Она сама толком не понимала как это произошло. Как получилось однажды посмотреть на себя со стороны и почувствовать отвращение. К безвольно распластанному на кровати телу. Все бы ничего, если бы оно просто плакало, обычным, нормальным способом перерабатывая обиду. Тогда можно было бы сказать, что переболеет и пойдет на поправку. Все было гораздо хуже, совсем никуда не годилось. Тело скулило от тоски, каждой клеточкой, неслышно так, и все звало кого-то. И никакие доводы рассудка не помогали. А потом глухой шепот: "Не могу больше...пожалуйста...не могу без тебя...Эдик...забери...". И опять, раз за разом, по кругу. И это было уже страшно. Отдавало безумием. А времени оставалось все меньше. Со всем этим надо было что-то делать. И Лила знала – что. Она отделила ту часть сознания, которую определила как Сома, уговаривая; постепенно отодвигала подальше, изолируя. "Тебе надо отдохнуть, поспать немного...". "Как принцессе?". "Да. Хрустальный гробик хочешь?". "А я когда-нибудь проснусь?".

Если бы могла, убила бы эту часть себя. Но Сома согласилась заснуть и ждать, и видеть свои дурные сны. Дальше пришлось справляться с телом, оно уже сорвалось и по инерции катилось вниз, теряя вес и почти не реагируя на раздражители.

–У человека имеется два полушария мозга. Левое, я назвала его Лила, мыслит рационально, последовательно и практично. Правое, Сома – интуитивно, эмоционально, опираясь на органы чувств.

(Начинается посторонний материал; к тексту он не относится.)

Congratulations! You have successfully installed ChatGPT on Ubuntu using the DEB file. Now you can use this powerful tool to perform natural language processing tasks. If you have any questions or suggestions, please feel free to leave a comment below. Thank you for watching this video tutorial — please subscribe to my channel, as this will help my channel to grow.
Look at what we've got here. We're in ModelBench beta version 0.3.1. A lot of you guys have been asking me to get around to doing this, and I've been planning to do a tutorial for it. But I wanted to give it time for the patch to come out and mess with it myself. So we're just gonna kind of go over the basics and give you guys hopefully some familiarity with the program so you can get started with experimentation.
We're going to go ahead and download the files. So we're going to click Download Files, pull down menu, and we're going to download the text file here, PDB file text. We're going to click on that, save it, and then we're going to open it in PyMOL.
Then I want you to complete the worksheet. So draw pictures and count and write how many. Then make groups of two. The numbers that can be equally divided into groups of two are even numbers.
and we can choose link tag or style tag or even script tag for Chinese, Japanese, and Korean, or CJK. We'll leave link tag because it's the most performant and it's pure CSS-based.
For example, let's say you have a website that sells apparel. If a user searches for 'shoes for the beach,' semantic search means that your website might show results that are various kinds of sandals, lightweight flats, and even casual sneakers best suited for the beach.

Видишь ли, однажды, по ряду причин доминирование правого полушария в моей личности оказалось опасным. Пришлось его изолировать. Сейчас ты разговариваешь с Лилой. Сома... вряд ли захочет с тобой говорить. В любом случае, она спит.

–Почему?

Ему вдруг стало неловко, словно подглядываешь в щелочку. И желание узнать правду как-то поубавилось.

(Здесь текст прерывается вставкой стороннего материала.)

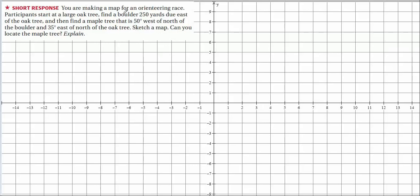We've got an oak tree — they're at a large oak tree. Due east is that way on a real map. 250 yards — let's say each grid square is 25 yards, so that's ten squares. Here we are at the boulder.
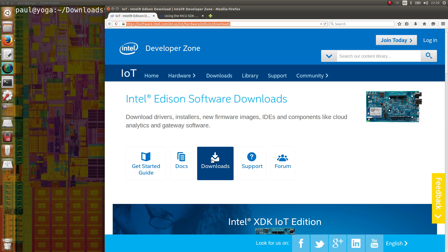On Edison, we have two processors with two OSes. The first one is an Intel Atom dual-core processor running at 500 MHz with a general-purpose Linux called Yocto — that's the one we've been using so far. But there's a second processor, an Intel Quark running at 100 MHz, with a real-time operating system called Viper. It works as a microcontroller Unix. Let's see how we can work with this MCU.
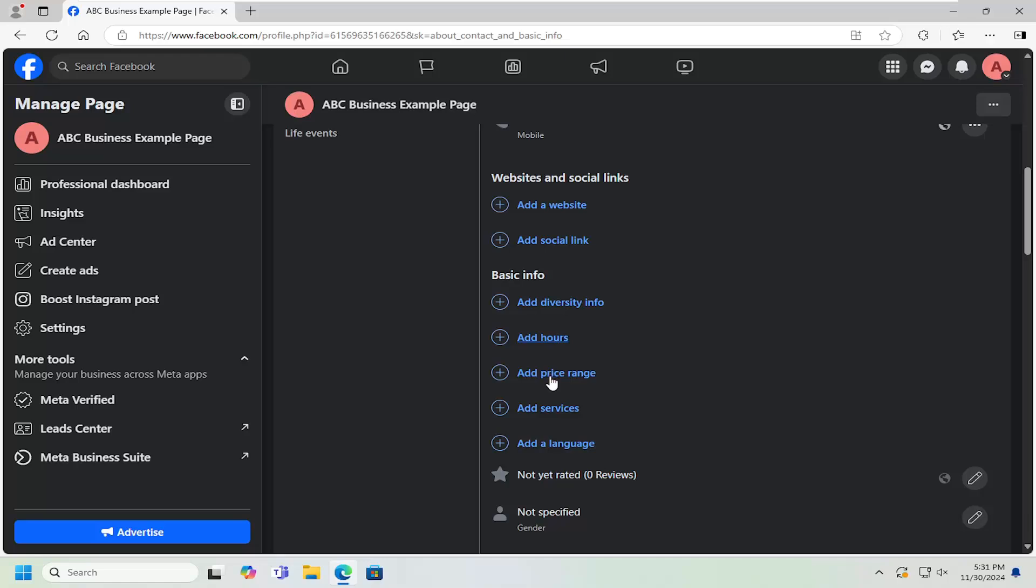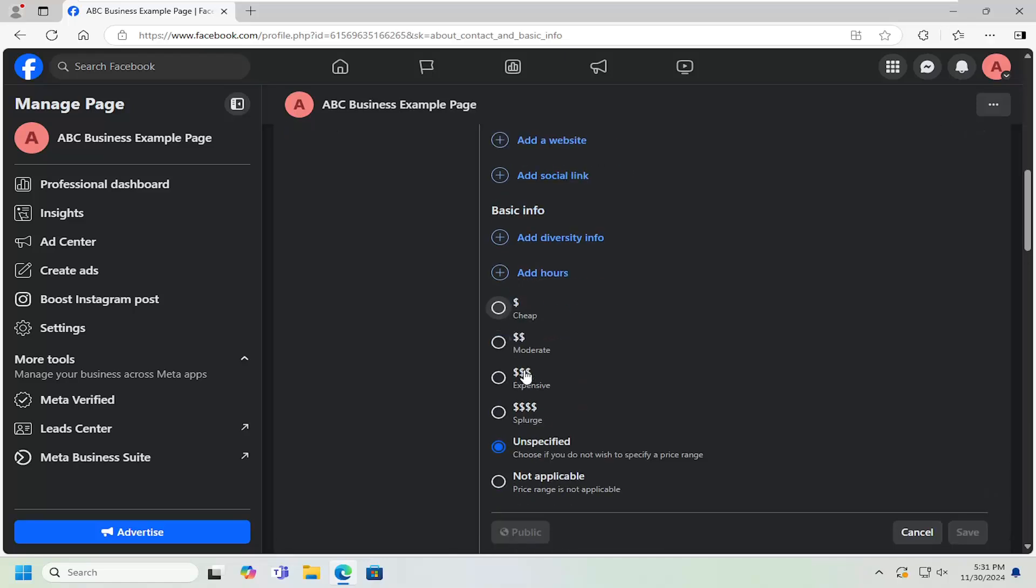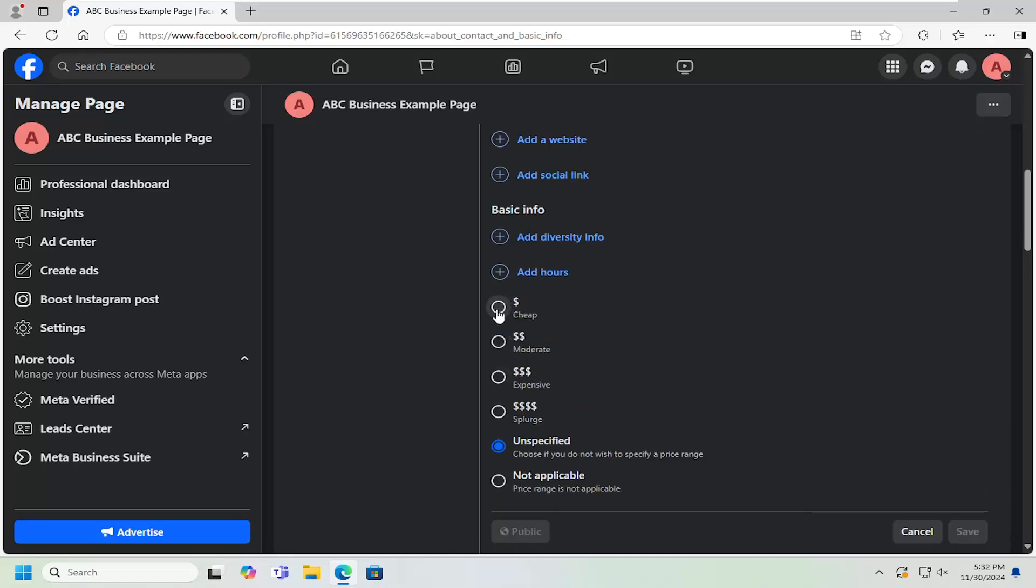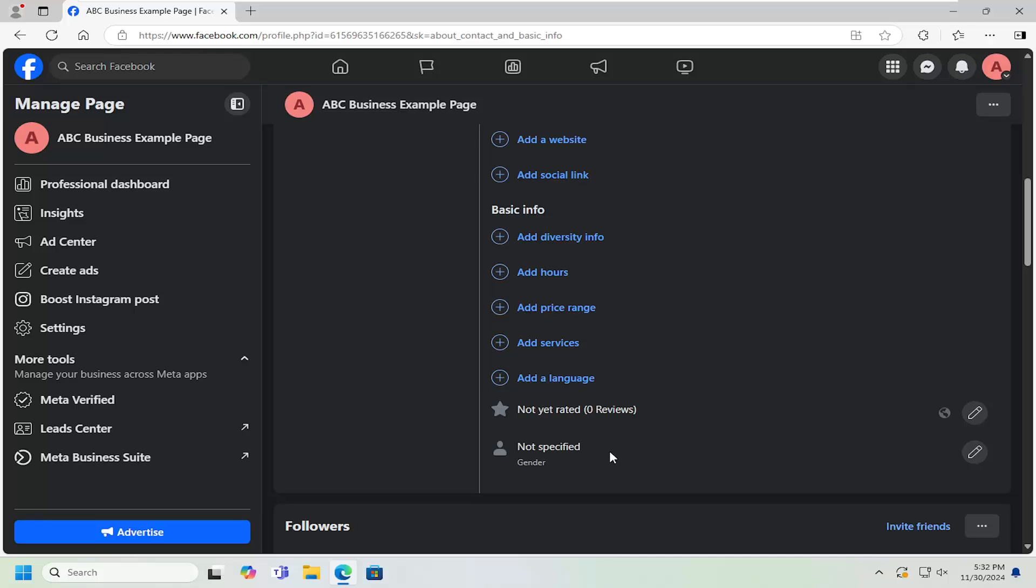Underneath Basic Info, you want to select Add Price Range. At this point, you can select anything from one dollar mark all the way up to four, or you could do unspecified or not applicable depending on your business needs. Then you would select Save to save the change, and that's all you'd have to do.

–Ей было шестнадцать лет, когда она встретила тебя. На тот случай, если забыл: она была наивна и невинна. Когда вы расстались, она впала в депрессию, не совсем обычную. Просто отказалась жить, потому что без тебя не хотела. А с тобой...

"-Эдик! Я так рада! У меня есть для тебя потрясающая новость!

–Новость?

–Да! Теперь мы сможем быть вместе, всегда!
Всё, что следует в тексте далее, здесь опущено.